You are doing things the hard way. Let's start again: we have the recursions
u_i = q*u_{i-1} + p*u_{i+1}, i > 1
u_1 = q + p*u_2.
Also: we need 0 ≤ u_i ≤ 1, since u_i is a probability.

There is one more bit of input we need to supply, and it can be done either using intuition or using some previously proven properties about the system. Here is the issue: what do we expect to see if p > q? In this case the system tends to "drift to the right", since p > 1/2 means that the move i -> i+1 has greater than 50% chance. We might expect, therefore, that there is a chance the system never hits 0, starting from i >= 1. Let us assume that, so u_{i_0} = f < 1 for some i_0 > 1. (That is where intuition comes into play.) In order to hit 0 from 2i_0, we must first hit i_0, then go from i_0 to 0. However, hitting i_0 from 2i_0 is the same as hitting 0 from i_0, so u_{2i_0} = u_{i_0}*u_{i_0} = f^2. In general, u_{ki_0} = f^k → 0 as k → ∞; that is, we have u_i → 0 as i → ∞.

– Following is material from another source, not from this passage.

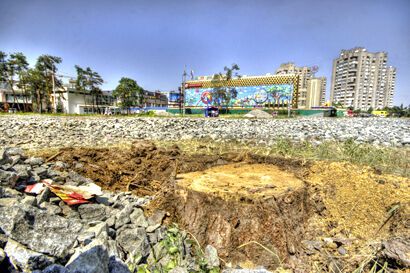 Возле метро "Дарница" уничтожен сквер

At this point we just have an algebra problem involving the solution of a recursion, together with some bounds and boundary conditions. Now there are two ways to go: (1) guess the form of solution; or (2) use a systematic approach via generating functions. Let's leave (2) for another time, and go with (1): we guess a solution of the form u_i = r^i. The recursion implies r^i = q*r^(i-1) + p*r^(i+1), or r = q + p*r^2. If p ≠ q this quadratic equation has two roots: r1 = 1 and r2 = q/p (remembering that q = 1-p). So, we have
u_i = A + B*(q/p)^i.
(i) If q > p, what must be the value of B? Why? Using both the recursion and the formula for u_1, what does that say about A?
(ii) If q < p the algebra alone does not supply enough information to give a unique solution, but we have already obtained the result u_i → 0 for large i. For u_i = A + (q/p)^i, what does this behavior say about A? Now, what is the value of B?
(ii) p = q = 1/2. This is a "boundary"case. Now we have a recursion in which r = 1 is a double root of the quadratic, and it is known that when a root r is double, both r^i and i*r^i satisfy the recursion. So, we have u_i = A + B*i. Using the conditions on u_i, you can easily determine A and B.

RGV